This review of the Lincoln MKT includes model information, specs and buying advice.
As times change and formerly popular large truck-based SUVs morph into more efficient crossover alternatives, the big American wagon appears to be staging a renaissance. This new utility breed, the CUV, is car-based like the wagons of old but features the taller body style of traditional sport-utilities. One of the leading entrants in this field is the Ford Flex, which spawned an even bolder luxury crossover from Ford's luxury division: the three-row, six- or seven-passenger Lincoln MKT.
The big news here, aside from the Lincoln MKT's expansive 208-inch length, is the available turbocharged V6, which saddles up 355 horsepower and all-wheel drive to move the MKT's substantial heft smartly. Every MKT also offers a quiet, finely trimmed cabin and more amenities than you'd expect in a luxury ride. The MKT's tight third-row seating is a drawback, but overall, this Lincoln -- particularly the current model -- is worth a look.
Current Lincoln MKT The Lincoln MKT is a full-size luxury crossover SUV that seats six or seven. The entry-level MKT gets a 3.7-liter V6 that puts out 300 hp and 280 pound-feet of torque. The MKT EcoBoost receives a twin-turbocharged 3.5-liter V6 that whips up 355 hp and 350 lb-ft of torque. Both models feature a six-speed automatic transmission.
The base MKT is front-wheel drive only, whereas the MKT EcoBoost has standard all-wheel drive along with driver-selectable settings that alter steering response, stability/traction control intervention, transmission behavior and suspension tuning.
Standard equipment on the MKT is very generous. Items that would typically be high-end options on other luxury models are included, such as adaptive xenon headlights, heated and ventilated front seats, heated rear seats, power-adjustable pedals and steering wheel, rear sunshades, a rearview camera and even mobile WiFi. The new MyLincoln Touch electronics interface is also included, bringing most interior controls under the jurisdiction of a large central touchscreen.
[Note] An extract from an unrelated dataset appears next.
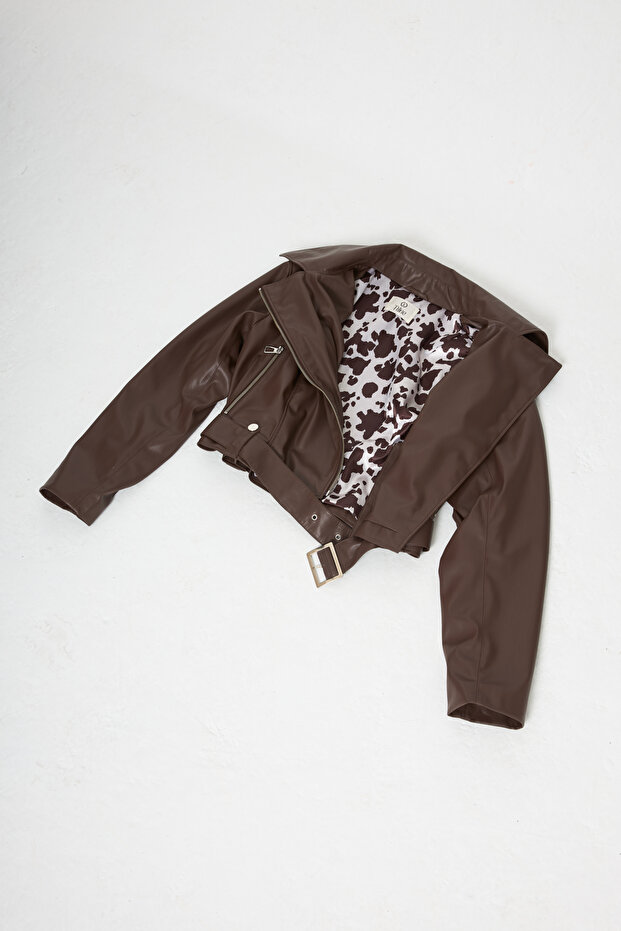 Biker Suni Deri Ceket - 7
Updates made for 2013 have improved the usability, speed and reliability of this system, though it may still require some time to acclimate.
Should the standard items not be enough, the MKT also offers a power-folding third-row seat, rear seatbelt airbags, a blind-spot warning system, adaptive cruise control, an automatic parallel parking system, a navigation system, a panoramic sunroof, a surround-sound audio system, and heated and ventilated second-row captain's chairs with a further optional small refrigerated console in between.
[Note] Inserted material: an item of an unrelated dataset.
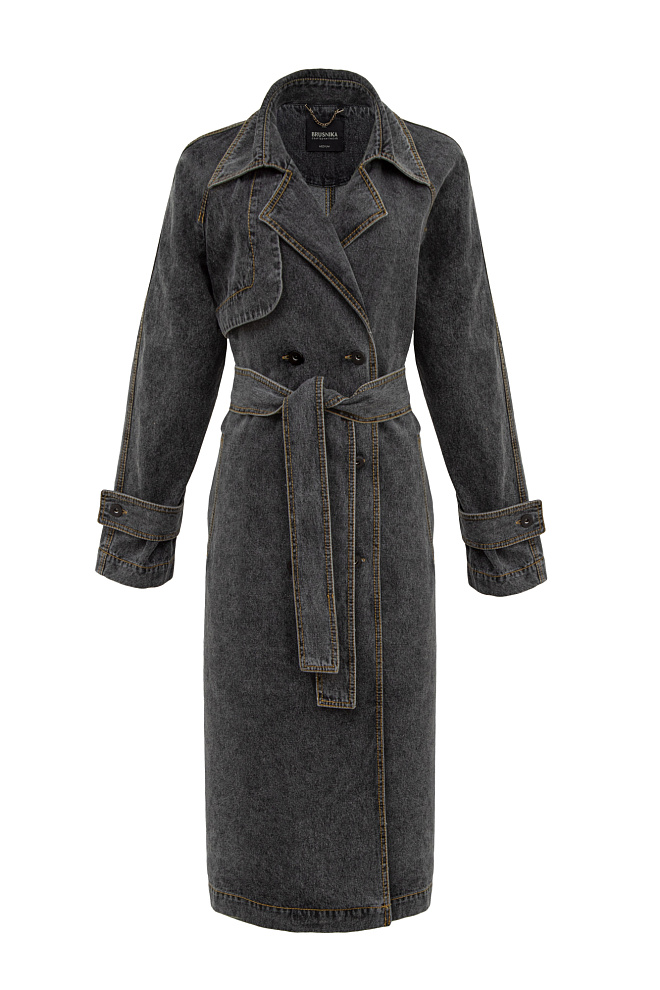 Двубортный тренч из денима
In reviews, our editors have been impressed by the MKT EcoBoost's effortless power, particularly given that the turbocharged engine exacts no fuel economy penalty over the otherwise capable base engine. Other than the mechanically identical Ford Flex EcoBoost, there's no other three-row crossover quite like it. Regardless of engine, however, the MKT delivers surprisingly adept handling for such a large vehicle and a ride that's comfortable in most situations. The EcoBoost's adjustable suspension should improve this even further.
Inside, we've applauded the Lincoln MKT's fashionable design and fine materials, though MyLincoln Touch has its aforementioned downsides. The standard seven-passenger version can carry three in its middle-row 60/40-split-bench, while the six-passenger model substitutes a pair of optional bucket seats that slide fore and aft. With four people aboard, the MKT is one of the easiest places to spend time on the road. However, the sloping rear roof subtracts valuable headroom compared to the squarish Flex, making the third row really only suitable for children or short adults.
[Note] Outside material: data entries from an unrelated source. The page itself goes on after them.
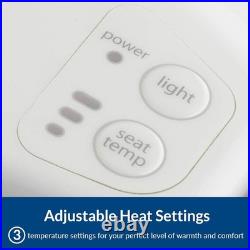 Comfortable Heated Night Light Toilet Seat with Soft Close for Elongated Toilets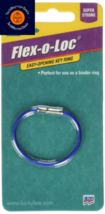 Lucky Line 5&quot; Flex-O-Loc Cable Key Ring, Galvanized 1 Piece, Blue 1 Piece  - £15.50 GBP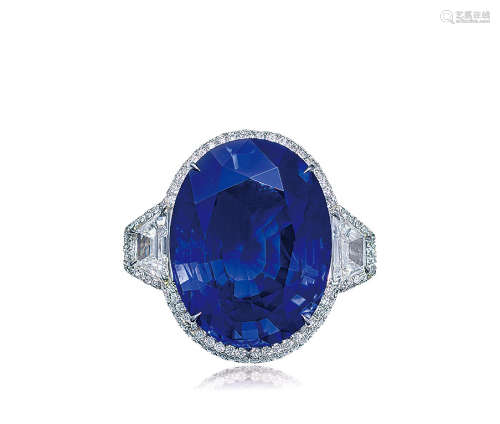 30.59克拉斯里兰卡「皇家蓝」蓝宝石配钻石戒指，未经加热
Used Lincoln MKT Models The MKT debuted for the 2010 model year. Originally, the base model was available with all-wheel drive, but this was removed from the options list for 2012. Models produced prior to the 2013 model year differ in a number of different ways, the most obvious being its different grille design. Other differences can be found under the hood. The entry-level MKT still featured a 3.7-liter V6, but it put out only 268 hp and 267 lb-ft of torque. This resulted in merely adequate acceleration for the big, heavy MKT. The EcoBoost powertrain is unchanged.
The first three model years also featured an older electronics interface, which lacks some of the current car's MyLincoln Touch features and design flourish, but may ultimately be easier to use. Other items not available were the inflatable rear seatbelts, lane departure warning/assist, a heated steering wheel and the EcoBoost's adjustable dampers. Despite this latter omission, this MKT still boasted surprisingly capable handling, yet it didn't sacrifice the smooth and refined ride quality expected in a premium vehicle of this sort.
In general, if the current MKT appeals to you, then used examples should as well. Beyond the base engine's mediocre acceleration, much of its pros and cons have remained the same.